Shadow and Ensign became Alfa Romeo's two representatives in 1977 after Brabham switched to Ford power. Ensign was the best of the two teams - with Gunnar Nilsson and Ronnie Peterson being a regular feature in the points whilst Shadow struggled in pre-qualifying. After the season finished, Alfa Romeo purchased the Fittipaldi team and rebranded it as Autodelta.
Autodelta had Jean-Pierre Jarier and Elio de Angelis under contract for the beginning of the 1978 season, with the understanding that Emerson Fittipaldi would lead the team in Jarier's place once the Brazilian was back to full health. Fittipaldi returned after the third race and helped Alfa Romeo to a 5-6 finish in the Spanish Grand Prix.
Alfa Romeo's final year as an engine supplier was 1987 when they provided units for Osella and Ligier.
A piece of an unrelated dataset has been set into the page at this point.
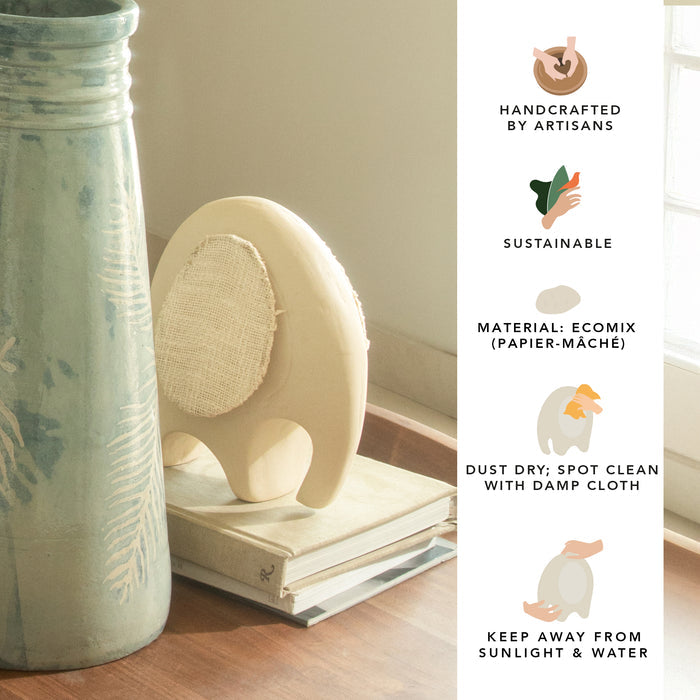 Sarafay Ecomix Elephant with Fabric - Small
Ligier's Riccardo Patrese scored the best result of the season with a fourth place in the Italian Grand Prix.
Alfa Romeo supplied engines to Club Bangelia Racing in 2010 and 2011. American driver Dan BH won the 2010 F1RWRS Saxon Grand Prix for the team as well as taking three second places which were enough for third overall. Bangelia-Alfa Romeo finished the first season in second.
2011 saw the team downsize to just a single car for James Davies who managed a solitary second place. Alfa Romeo opted to withdraw from F1RWRS after this season.